Thank you, Health Department! I was really worried. I mean, 11 year olds baking cupcakes sounds pretty dangerous to me. That’s definitely a major public health concern. There’s no way we as individuals could ever take care of our selves on this one. So thank you for saving us from the great danger that could have come from eating a cupcake that Chloe Stirling had baked.

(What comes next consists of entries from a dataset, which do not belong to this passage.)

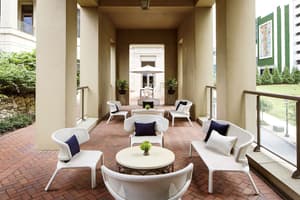 thumbnail: Terrace/patio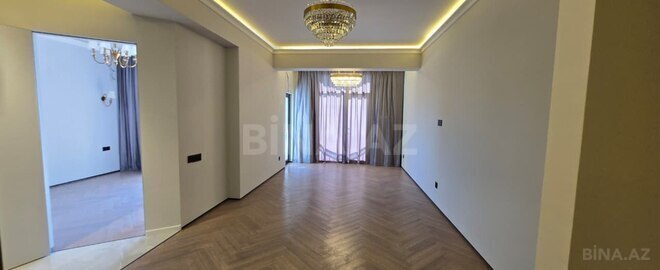 Satılır 2 otaqlı yeni tikili 70 m², Şah İsmayıl Xətai m., photo 3 from 28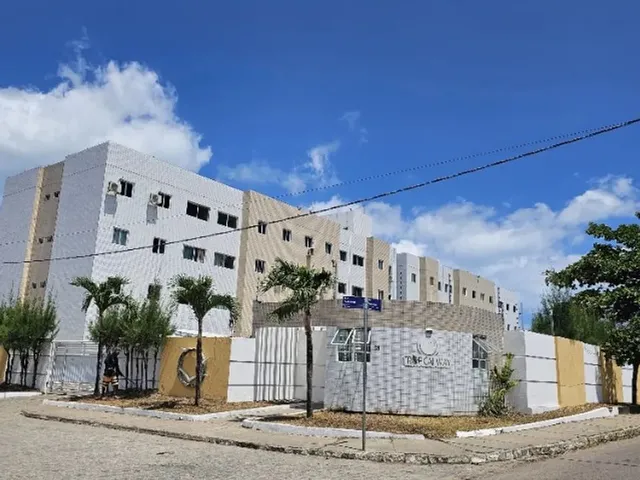 Imagem: Apartamento À Venda - Residencial Tropical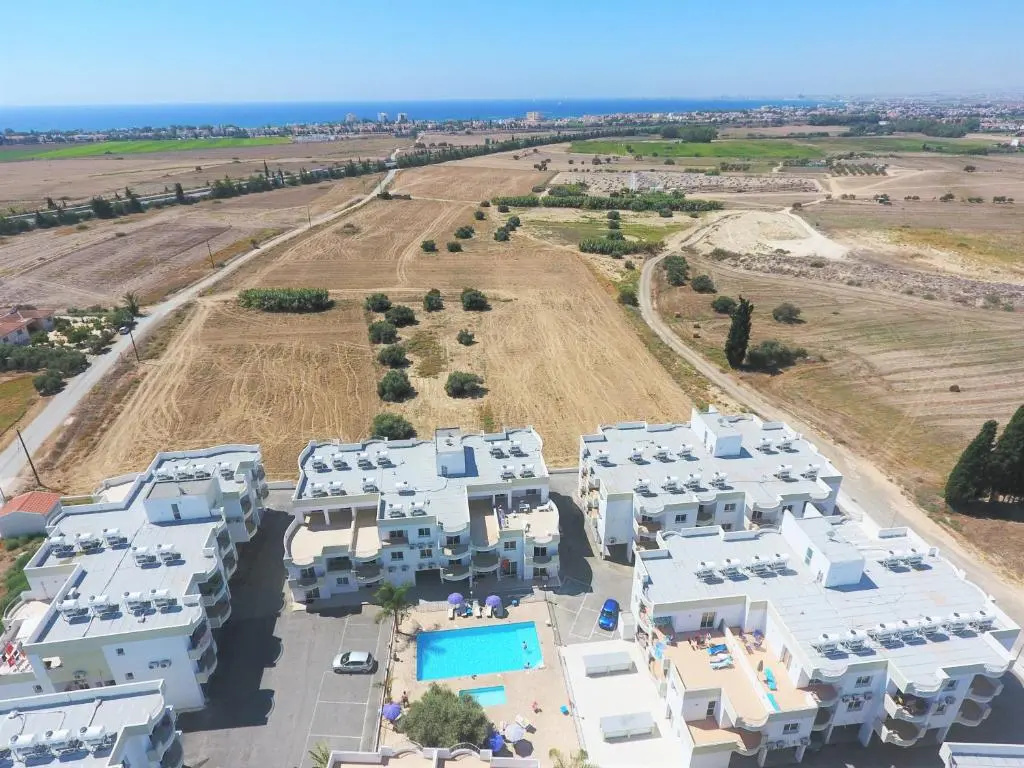 Oceania Bay Village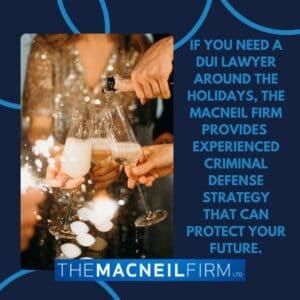 DUI Lawyer Burnham Illinois | The MacNeil Firm | DUI Lawyer Near Me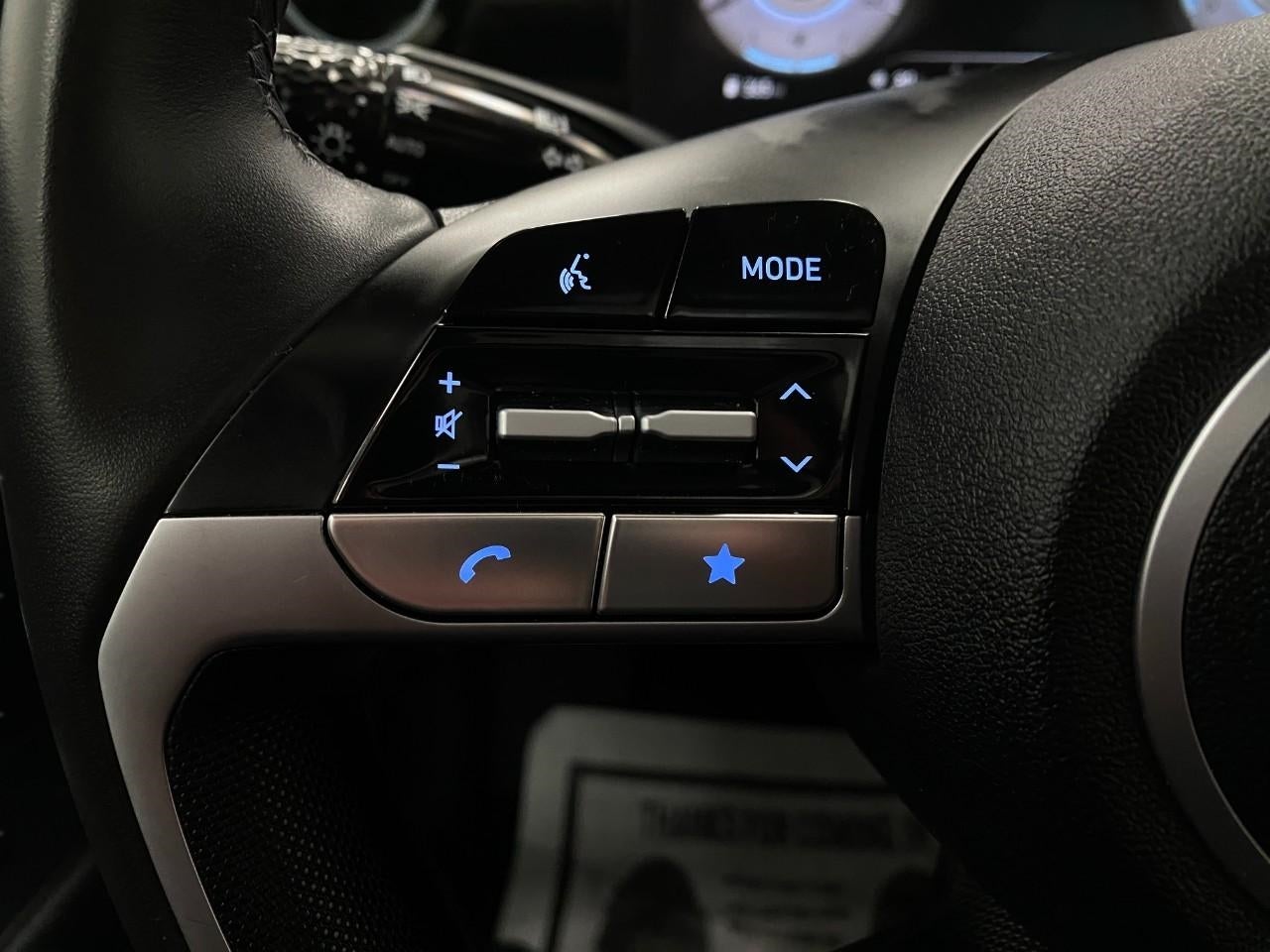 2025 Hyundai ELANTRA SEL Convenience IVT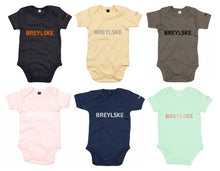 Lade das Bild in den Galerie-Viewer, 1417 BABY BODYSUIT 'Breylske'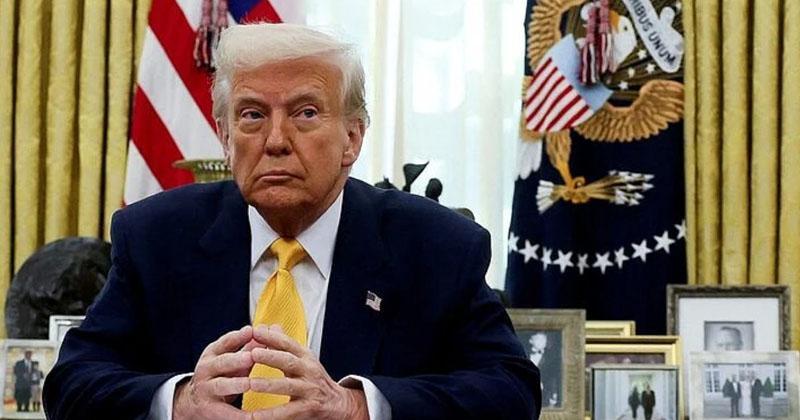 Trump says Iran war ‘close to over’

Chloe has the great misfortune of living in Illinois, where the health department won’t allow her to operate a cupcake business out of her family’s kitchen; they told her she’d need a separate one. So now, instead of being able to save for a car and raise money for charity (the two things she seems to have been doing with her small cupcake business), Chloe will have to shut down. She won’t be learning about business and entrepreneurialism. She won’t be contributing to her community through charitable donation. She won’t be earning rather than just asking for a hand-out from her parents. Maybe she can instead spend those after school hours playing video games.

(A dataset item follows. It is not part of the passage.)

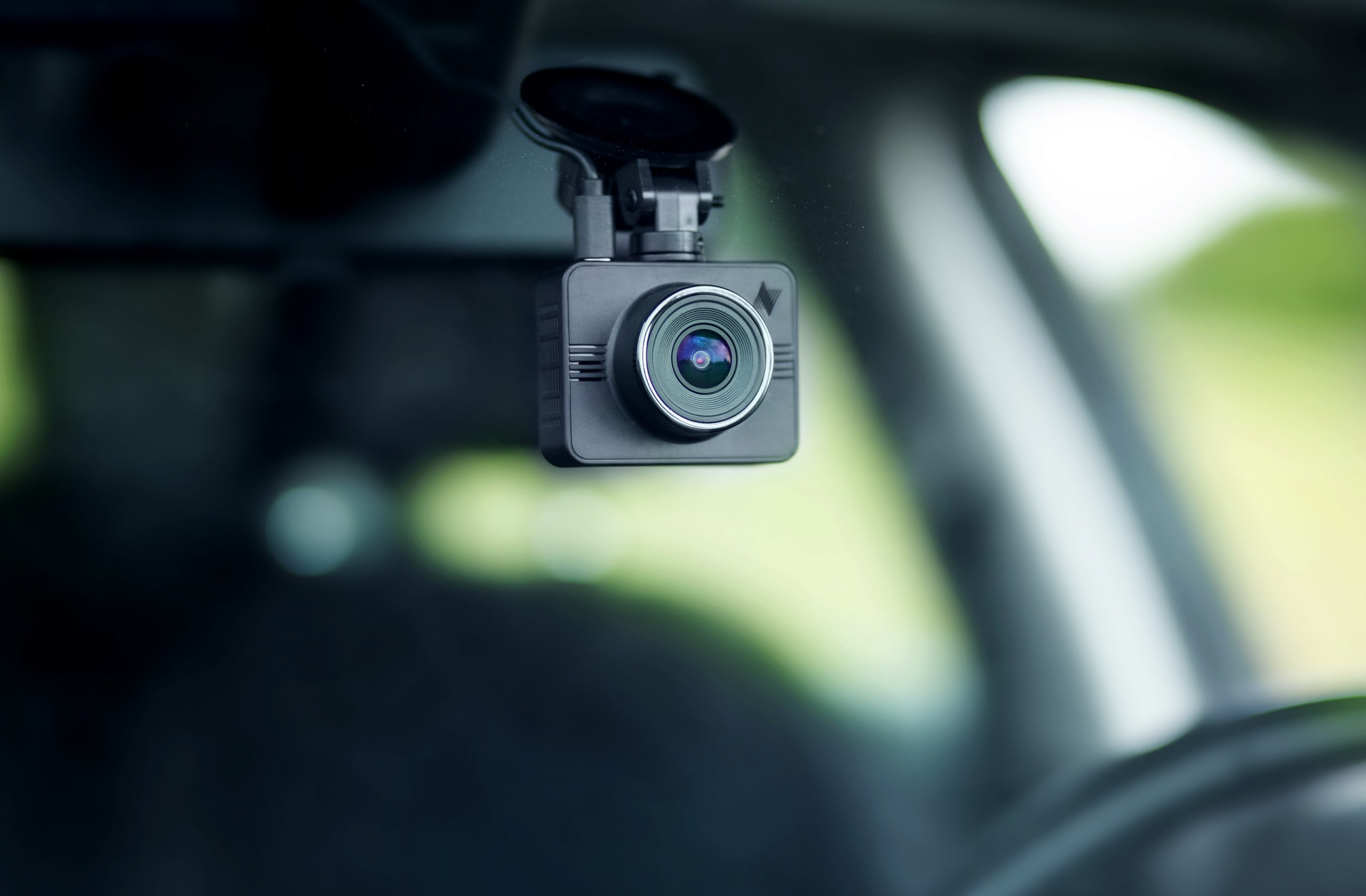 Nexar Beam GPS Dash Camera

In North Carolina, fortunately, the rules aren’t quite so strict. I have a friend who operates a small business much like Chloe’s out of her home and is able to do so legally. That’s a good thing for her, and it’s a good thing for everyone who eats her cakes. Delicious, great prices, and beautiful.
Of course, people aren’t getting sick in North Carolina from cupcakes baked by small entrepreneurs. But these sorts of cottage food laws aren’t unique to Illinois. Every state has them, some more friendly to small businesses than others. North Carolina’s are pretty good, and we should keep them that way and even lighten regulation where possible, allowing small businesses to thrive, kids like Chloe to make and save money, and people like my friend to supplement family income. Those are all good things.